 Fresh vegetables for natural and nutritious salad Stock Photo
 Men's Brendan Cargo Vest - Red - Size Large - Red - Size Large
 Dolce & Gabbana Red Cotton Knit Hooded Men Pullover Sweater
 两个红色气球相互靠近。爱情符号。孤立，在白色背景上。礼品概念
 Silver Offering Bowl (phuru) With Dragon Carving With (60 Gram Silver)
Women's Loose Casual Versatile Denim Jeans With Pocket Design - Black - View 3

* * *

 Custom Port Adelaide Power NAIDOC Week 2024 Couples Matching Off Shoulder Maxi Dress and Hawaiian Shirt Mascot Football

> [PROBLEM DETAILS]
Within the data above, the lines from the one with "Dolce & Gabbana" to the one with "Women's Loose Casual" must be repeated exactly; no other line belongs in the answer.

> [RESPONSE TO THE EXERCISE]
 Dolce & Gabbana Red Cotton Knit Hooded Men Pullover Sweater
 两个红色气球相互靠近。爱情符号。孤立，在白色背景上。礼品概念
 Silver Offering Bowl (phuru) With Dragon Carving With (60 Gram Silver)
Women's Loose Casual Versatile Denim Jeans With Pocket Design - Black - View 3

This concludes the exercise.